Killer Junior Saleem Oakes
There was a further drugs conviction in 2008 and a 'serious incident' of harassment and criminal damage involving his ex-partner. A warrant was issued but he was not arrested for two years.
• The first contact with police and social care involving Natasha was in August 2010 when she told police Oakes had hit her and injured her neck and face. They had been separated and Oakes threatened to run away with their two children.
• Two days later he was arrested over this incident and the one in 2008 but he made counter allegations. Officers decided that with neither victim willing to cooperate there was 'no chance of a conviction'.

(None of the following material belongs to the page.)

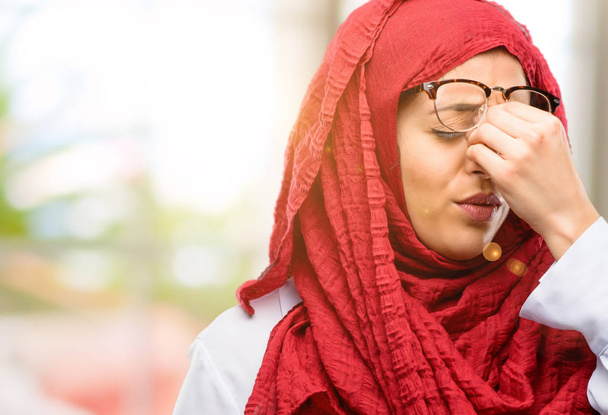 Nuori arabinainen yllään hijab unelias ilme, ylityöllistetty ja väsynyt, rubbes nenä, koska väsymys
 - Valokuva, kuva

• Although Natasha and the two children were being monitored by social workers and health services, there was no evidence of information sharing between them. Oakes had been present during home visits and there was no exploration of domestic violence.
• In January 2012 a second assault was reported. Natasha reported being in fear of Oakes and his controlling behaviour, including removing her mobile phone and threats to take the children or blow up the house. A few days later she withdrew her formal complaint. The children were rated as at 'medium risk'.
• In June 2012 a child protection conference involving the couple, social workers and specialist professionals was held - but police were not invited. The couple were asked to attend separate domestic violence courses.
• In July Natasha and her children were staying at a hotel after reporting homeless. Visiting social workers saw her and they asked about her welfare following a recent abortion. Unknown to them Oakes had been tracking her down and had overheard the comment.
• There was poor communication and information sharing between social workers, police, GPs, health visitors, housing and nursery services.
• Crucially Oakes' criminal background was overlooked and the level of danger he posed underestimated. His history of substance misuse was also not addressed by child protection teams.
• Key social worker dealing with the children in 2012 had not undergone specific domestic violence training.
• Oakes was present at child protection meetings and health visits, this "served to reinforce his control and disempower the victim as she was not in a position to express her views freely".
The report stated: "The overall conclusion has to be that the victim, who had reported her fears and concerns, was not really listened to or heard by the agencies."